Start using this module

  • r10k or Code Manager
  • Bolt
  • Manual installation
  • Direct download

Add this module to your Puppetfile:

mod 'nwaller-mailman', '0.1.0'
Learn more about managing modules with a Puppetfile

Add this module to your Bolt project:

bolt module add nwaller-mailman
Learn more about using this module with an existing project

Manually install this module globally with Puppet module tool:

puppet module install nwaller-mailman --version 0.1.0

Direct download is not typically how you would use a Puppet module to manage your infrastructure, but you may want to download the module in order to inspect the code.

Download

Documentation

nwaller/mailman — version 0.1.0 Oct 6th 2013

puppet-mailman

Table of Contents

  1. Overview
  2. Module Description - What the module does and why it is useful
  3. Quick Start
  4. Usage - Configuration options and additional functionality
  5. Limitations

Overview

The Mailman module installs and configures Mailman, the GNU mailing list manager.

Module Description

The Mailman module is used to setup the Mailman mailing list manager on servers running either RedHat or Debian-based distributions of Linux.

Customizing this module to work with your environment is quick and easy. This module includes simple helper classes to configure Apache and Postfix, but you can skip either of them if you need a more customized environment.

If your server will be dedicated to running only Mailman, you can use the Apache helper class to get started quickly. Or if you want to use Apache for hosting other sites on the same server, you can skip the helper class so that it won't interfere.

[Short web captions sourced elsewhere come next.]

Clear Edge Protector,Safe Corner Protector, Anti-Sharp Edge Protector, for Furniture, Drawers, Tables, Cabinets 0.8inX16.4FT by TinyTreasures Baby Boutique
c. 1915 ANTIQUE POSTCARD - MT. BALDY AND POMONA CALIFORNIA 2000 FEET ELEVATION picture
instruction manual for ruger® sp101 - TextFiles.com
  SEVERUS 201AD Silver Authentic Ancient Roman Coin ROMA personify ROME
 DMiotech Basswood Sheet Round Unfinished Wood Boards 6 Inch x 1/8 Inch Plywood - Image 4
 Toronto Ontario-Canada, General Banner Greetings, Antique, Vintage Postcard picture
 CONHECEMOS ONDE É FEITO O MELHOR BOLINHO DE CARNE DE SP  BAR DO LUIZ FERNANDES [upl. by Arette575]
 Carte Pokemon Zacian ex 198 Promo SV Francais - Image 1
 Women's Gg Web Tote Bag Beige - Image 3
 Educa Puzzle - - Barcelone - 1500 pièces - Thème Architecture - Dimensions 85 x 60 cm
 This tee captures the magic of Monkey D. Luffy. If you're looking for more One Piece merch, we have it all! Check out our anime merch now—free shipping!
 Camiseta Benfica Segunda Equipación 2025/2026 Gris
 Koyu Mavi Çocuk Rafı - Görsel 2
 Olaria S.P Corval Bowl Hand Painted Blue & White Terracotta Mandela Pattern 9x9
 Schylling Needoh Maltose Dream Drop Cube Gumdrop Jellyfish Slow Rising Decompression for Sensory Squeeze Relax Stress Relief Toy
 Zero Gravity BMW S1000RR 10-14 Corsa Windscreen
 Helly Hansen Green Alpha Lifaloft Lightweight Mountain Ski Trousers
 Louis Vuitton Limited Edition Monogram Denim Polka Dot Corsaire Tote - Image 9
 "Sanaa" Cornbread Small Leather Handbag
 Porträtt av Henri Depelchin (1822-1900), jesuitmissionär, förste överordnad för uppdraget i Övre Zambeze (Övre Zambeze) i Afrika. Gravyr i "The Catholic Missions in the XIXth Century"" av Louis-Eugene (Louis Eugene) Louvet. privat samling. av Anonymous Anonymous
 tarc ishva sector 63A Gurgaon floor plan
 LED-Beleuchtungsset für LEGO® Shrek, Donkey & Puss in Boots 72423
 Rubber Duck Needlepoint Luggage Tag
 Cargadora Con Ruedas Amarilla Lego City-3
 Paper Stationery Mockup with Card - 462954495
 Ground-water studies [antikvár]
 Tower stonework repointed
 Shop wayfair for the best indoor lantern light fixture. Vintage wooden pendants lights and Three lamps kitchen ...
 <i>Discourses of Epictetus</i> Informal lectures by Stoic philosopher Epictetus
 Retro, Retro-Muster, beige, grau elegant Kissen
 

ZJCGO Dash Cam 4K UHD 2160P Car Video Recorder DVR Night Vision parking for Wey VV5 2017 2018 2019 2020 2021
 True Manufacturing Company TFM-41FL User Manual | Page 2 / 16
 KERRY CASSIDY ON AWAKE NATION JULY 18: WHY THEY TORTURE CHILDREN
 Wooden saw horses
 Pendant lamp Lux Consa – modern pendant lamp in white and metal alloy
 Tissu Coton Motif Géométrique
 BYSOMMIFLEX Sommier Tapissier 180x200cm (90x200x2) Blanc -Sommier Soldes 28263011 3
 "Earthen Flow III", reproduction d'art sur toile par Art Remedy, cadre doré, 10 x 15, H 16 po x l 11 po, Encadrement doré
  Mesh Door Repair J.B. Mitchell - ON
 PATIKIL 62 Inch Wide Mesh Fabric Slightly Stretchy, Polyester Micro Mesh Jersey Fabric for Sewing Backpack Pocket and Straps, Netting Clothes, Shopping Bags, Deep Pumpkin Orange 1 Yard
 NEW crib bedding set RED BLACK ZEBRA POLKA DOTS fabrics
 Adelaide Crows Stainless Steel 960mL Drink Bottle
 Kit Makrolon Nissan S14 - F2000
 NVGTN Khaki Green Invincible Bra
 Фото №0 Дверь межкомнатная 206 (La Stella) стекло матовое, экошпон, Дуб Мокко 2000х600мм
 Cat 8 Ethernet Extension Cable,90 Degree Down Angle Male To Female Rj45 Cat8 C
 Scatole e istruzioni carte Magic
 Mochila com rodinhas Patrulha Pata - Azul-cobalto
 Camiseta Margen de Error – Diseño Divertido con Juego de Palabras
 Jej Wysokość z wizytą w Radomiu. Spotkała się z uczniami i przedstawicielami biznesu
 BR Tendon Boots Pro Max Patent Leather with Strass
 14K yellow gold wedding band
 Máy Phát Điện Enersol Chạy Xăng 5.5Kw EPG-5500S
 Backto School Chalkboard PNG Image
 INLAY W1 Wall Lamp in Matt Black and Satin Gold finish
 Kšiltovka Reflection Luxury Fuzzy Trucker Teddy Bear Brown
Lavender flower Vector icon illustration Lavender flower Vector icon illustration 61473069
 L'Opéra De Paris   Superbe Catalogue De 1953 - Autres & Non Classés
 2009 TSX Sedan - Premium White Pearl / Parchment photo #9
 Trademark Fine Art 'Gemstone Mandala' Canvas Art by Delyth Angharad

If you want to share Mailman data between two or more servers, this module provides parameters that make it easy to customize directory paths. And the optional SELinux module configures SELinux policy so that Mailman is permitted to read and write files mounted with NFS, even in Enforcing mode.

By providing parameterized classes, full support for Hiera parameter binding in Puppet >= 3.0 is included. This module can be fully configured from Hiera.

Quick Start

I just want a dedicated Mailman server. First, install dependencies.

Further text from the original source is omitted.